23 декабря 1833 г. Гоголь писал А. С. Пушкину: "...Ко мне пишет Максимович, что он хочет оставить Московский университет и ехать в Киевский. Ему вреден климат. Это хорошо. Я его люблю. У него в Естественной истории есть много хорошего, по крайней мере ничего похожего на галиматью Надеждина (имеются в виду натурфилософские сочинения Н. И. Надеждина. - Б. С.)".

В конце декабря 1833 г. Гоголь писал М.: "Я тоже думал: туда, туда! В Киев, в древний, прекрасный Киев! Он наш, он не их, - не правда? Там или вокруг него деялись дела старины нашей. Я работаю. Я всеми силами стараюсь; но на меня находит страх: может быть, я не успею ! Мне надоел Петербург, или лучше, не он, но проклятый климат его: он меня допекает. Да, это славно будет, если мы займем с тобою киевские кафедры; много можно будет наделать добра. А новая жизнь среди такого хорошего края! Там можно обновиться всеми силами. Разве это малость? Но меня смущает, если это не исполнится!.." В том же письме Гоголь привел образец одной из "похабных" малороссийских песен:

Наварыла сечевыци,

Поставыла на полыци.

Сечевыця сходыть, сходыть

Сам до мене козак ходыть.

Наварыла гороху.

Да послала Явдоху.

Що ее с биса, нема с лиса?

Що се братця, як барятця?

Наварыла каши з лоем,

Налыгалась з упокоем.

Що ее с биса, нема с лиса.

Що се братця, як барятця.

А я с того поговору

Пишла срать за комору.

Що ее с биса, нема с лиса.

Що се братця, як барятця.

Сила дивка тай заснула

(примечание Гоголя: Черта совершенно малороссийская. - Б. С.),

Свынья бигла тай зопхнула.

Що ее с биса, нема с лиса.

Що се братця, як барятця.

Бижыть свынья кованая:

"Чого сыдыш, поганая?

Чого сыдыш надулася?

Чому в кожух не вдяглася?"

- Бодай в тебе стильки дух,

Як у мене есть кожух.

Що ее с биса, нема с лиса.

Що се братця, як барятця.

Ведуть свынью перед пана.

Крычыть свынья: я не пхала,

Вона сама в говно впала.

Крычыть свынья репетуе,

Нихто еи не ратуе.

Що ее с биса, нема с лиса.

Що се братця, як барятця.

Ранее, в письме матери от 22 ноября 1833 г., Гоголь подчеркивал, что эта песня, присланная ему сестрой Марьей, "очень характерна и хороша".

6 марта 1834 г.
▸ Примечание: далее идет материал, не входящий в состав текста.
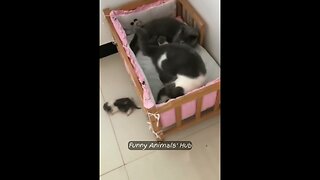 Funny Animal Videos 😂 Try Not To Laugh 🤣 Funniest Cats And Dogs Videos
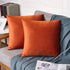 FEVERQIYI Burnt Orange Velvet Pillow Covers Set of 2, Decorative Square Throw Pillowcase 18x18 inch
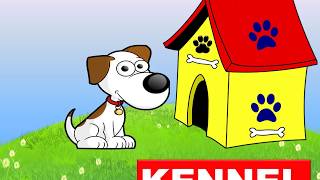 Animals Homes Names Types  Lesson for Kids KindergartenPreschoolersGrade 1 [upl. by Aznerol]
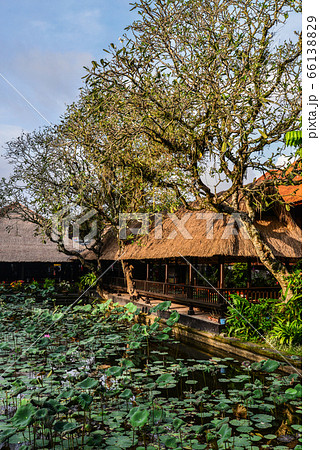 Empty cafe and pond with lotus 66138829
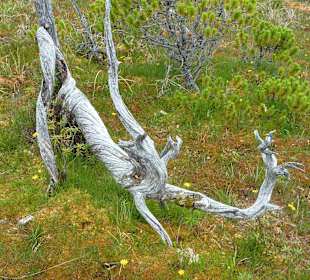 Shoreline Bog Trail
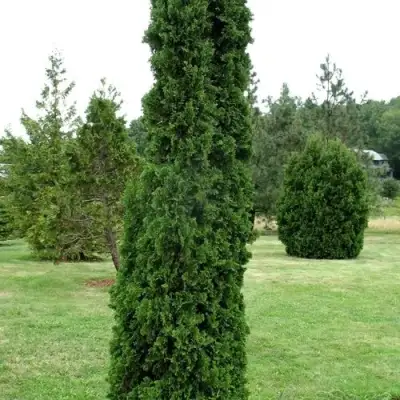 Туя ДЕГРУТ СПАЙР западная в Фаниполе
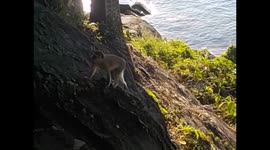 Malawi. Nkhata Bay. Malawi lake (5) Mayoka Village. Monkeys. Rodeado de monos. 2016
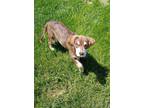 Adopt Fiddle $475 a Labrador Retriever / Husky / Mixed dog in West Milwaukee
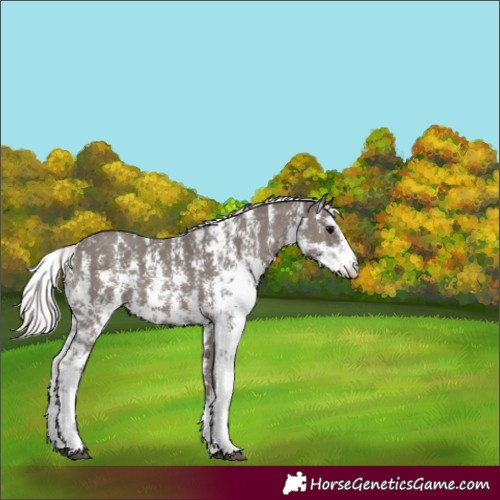 Horse Color:Silver Black Sabino 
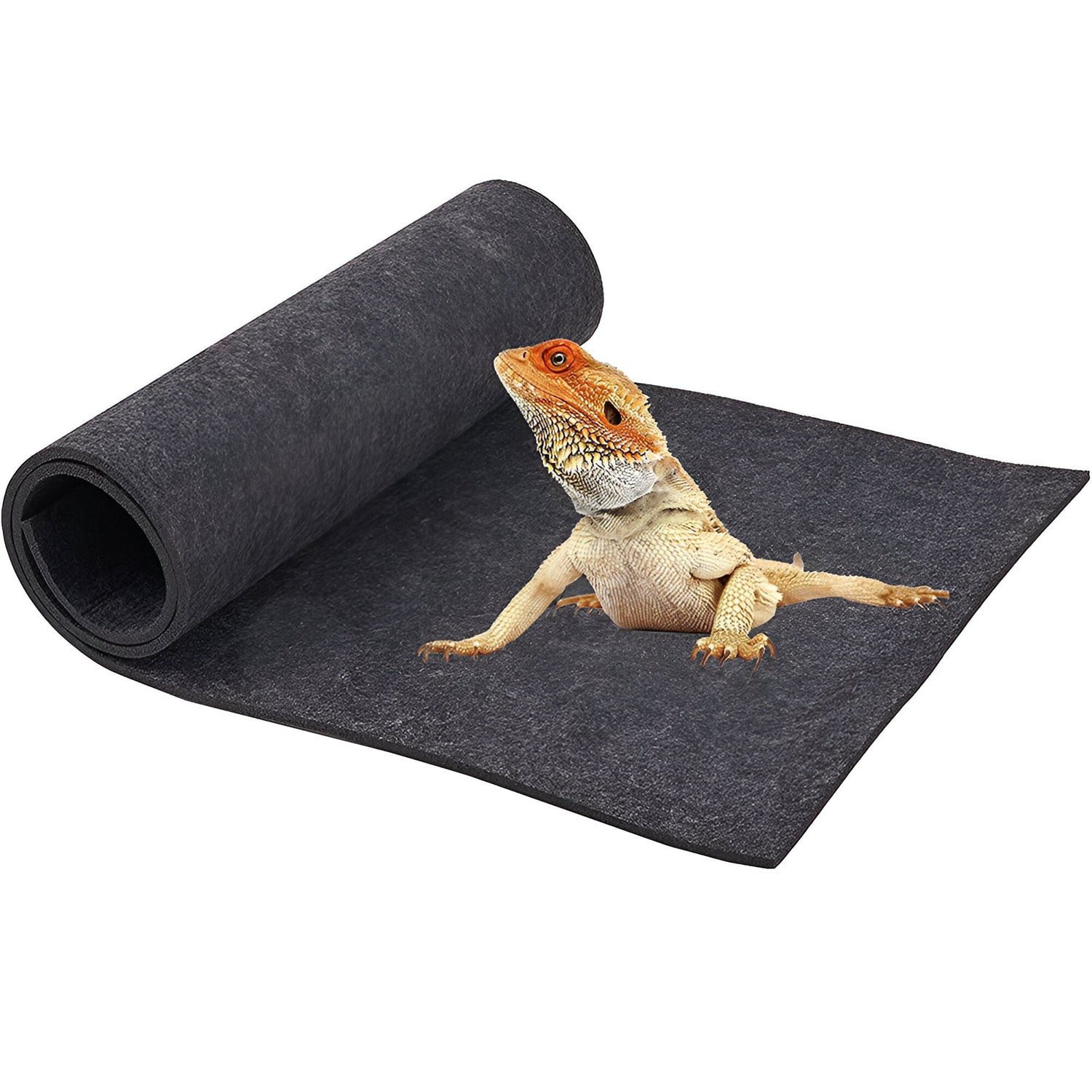 Reptile substrates and bedding including coconut fiber, bark, and sand arranged in a terrarium for desert and tropical reptiles.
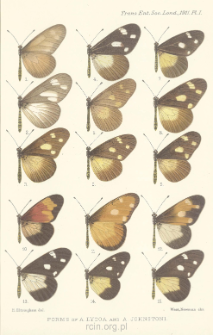 On the forms and geographical distribution of Acraea lycoa, Godt., and Acraea johnstoni, Godm.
Гоголь писал филологу-слависту, профессору Петербургского университета академику Измаилу Ивановичу Срезневскому (1812-1880) по поводу песенного собрания М.: "Песен я знаю и имею много. Около 150 песен я отдал прошлый год Максимовичу, совершенно ему неизвестных. После того я приобрел еще около 150. У Максимовича теперь уже 1200. Но я бьюсь об чем угодно, что теперь же еще можно сыскать в каждом хуторе, подальше от большой дороги и разврата, десятка два неизвестных другому хутору".

22 марта 1835 г. Гоголь выслал М. "Миргород". В отправленном при этом письме он писал:

"Ой, чи живы, чи здорови

Вси родычи гарбузови?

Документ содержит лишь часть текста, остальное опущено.